RECORDS FOR THIS EXERCISE.
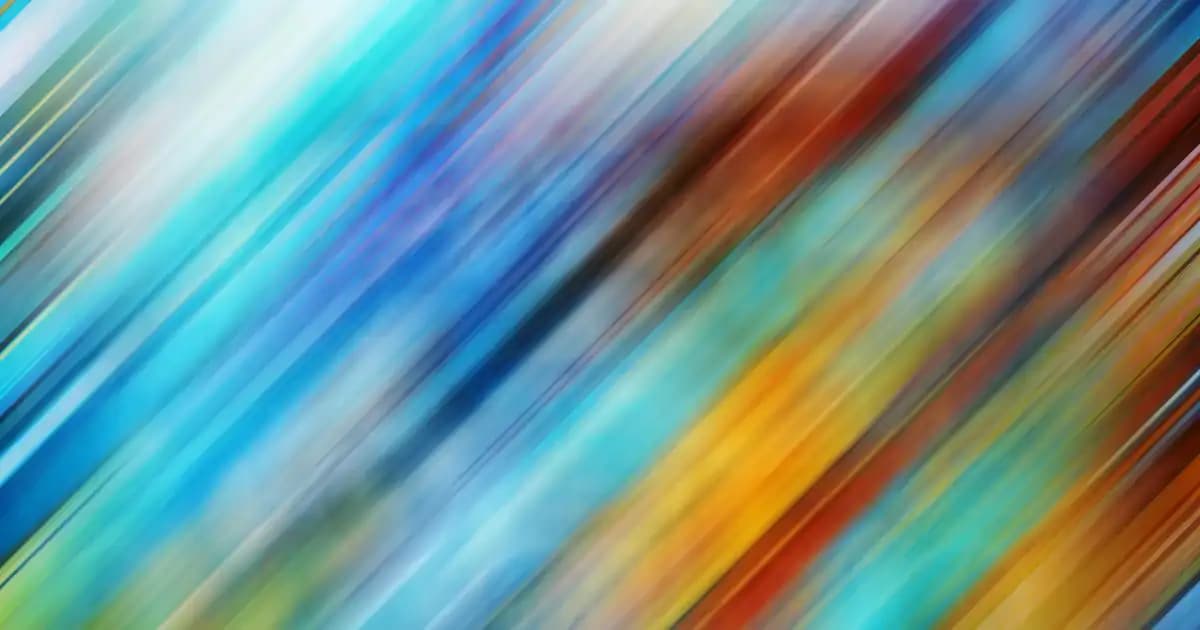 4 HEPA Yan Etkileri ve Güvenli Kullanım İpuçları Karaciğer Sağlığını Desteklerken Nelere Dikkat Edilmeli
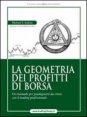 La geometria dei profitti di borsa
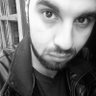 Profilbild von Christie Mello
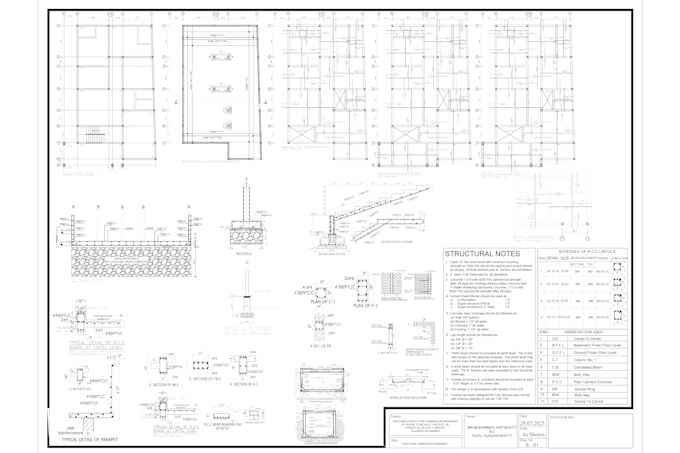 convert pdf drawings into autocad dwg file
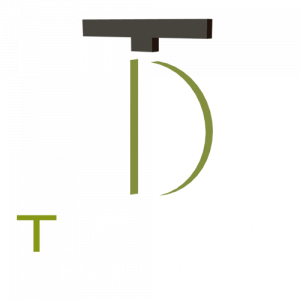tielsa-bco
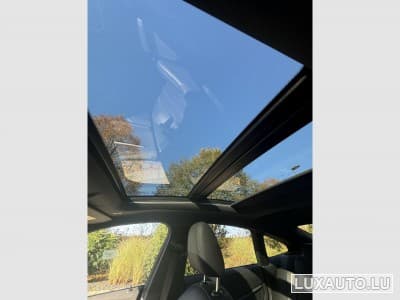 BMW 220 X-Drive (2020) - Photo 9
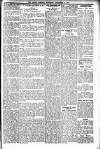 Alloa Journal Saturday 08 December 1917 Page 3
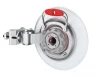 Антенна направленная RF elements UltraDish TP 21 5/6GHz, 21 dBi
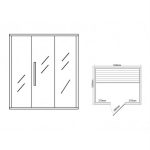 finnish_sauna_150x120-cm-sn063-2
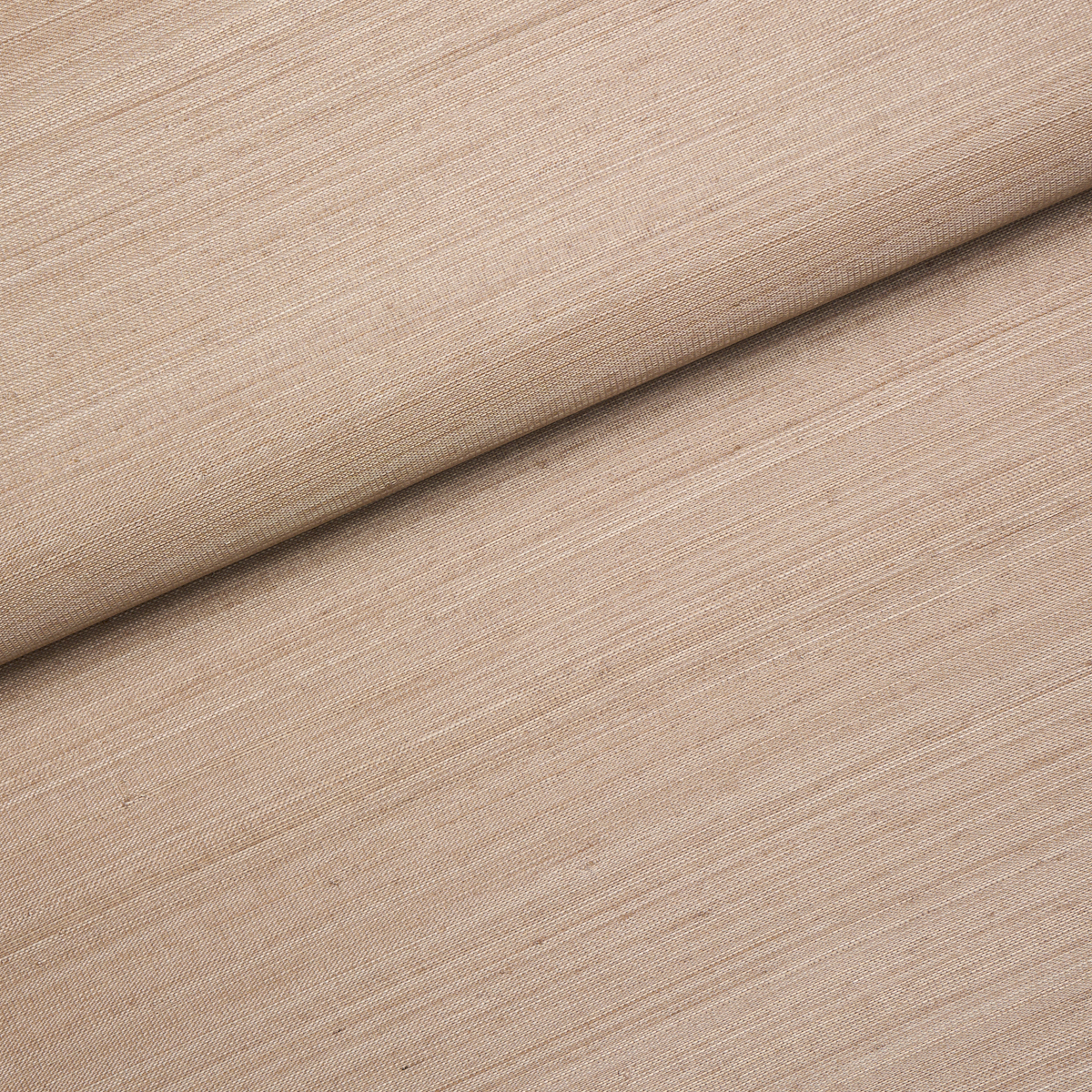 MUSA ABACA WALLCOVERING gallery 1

==

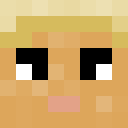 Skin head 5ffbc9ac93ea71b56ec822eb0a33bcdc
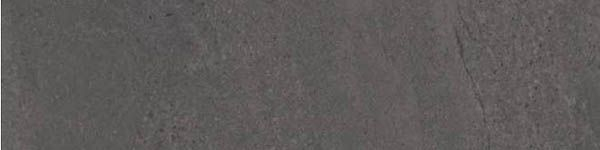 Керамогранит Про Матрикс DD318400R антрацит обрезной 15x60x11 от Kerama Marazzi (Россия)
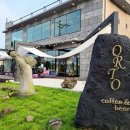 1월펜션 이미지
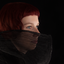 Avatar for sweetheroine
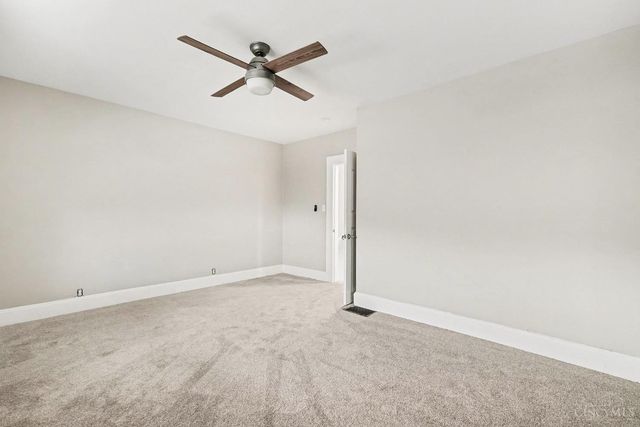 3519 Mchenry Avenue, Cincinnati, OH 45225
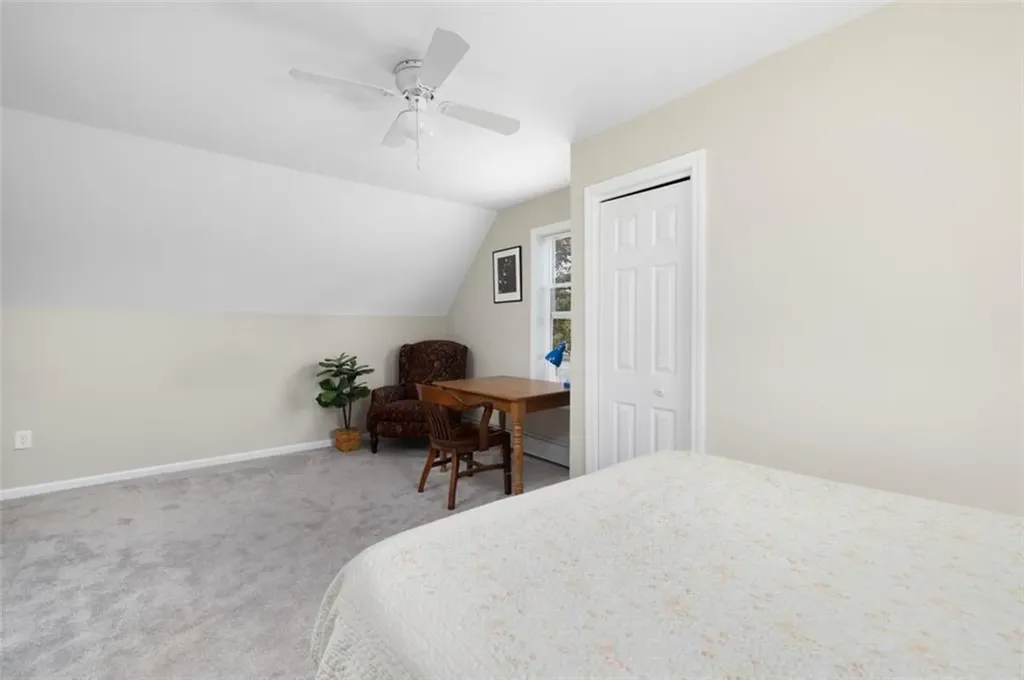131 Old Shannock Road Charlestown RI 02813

YOUR ASSIGNMENT.
Starting at the line with "Alloa Journal Saturday" in the entries above, write out every line exactly until the line with "MUSA ABACA WALLCOVERING gallery 1" has been written. Include no pictures and nothing more.

SOLUTION TO THIS TASK.
 Alloa Journal Saturday 08 December 1917 Page 3
 Антенна направленная RF elements UltraDish TP 21 5/6GHz, 21 dBi
 finnish_sauna_150x120-cm-sn063-2
 MUSA ABACA WALLCOVERING gallery 1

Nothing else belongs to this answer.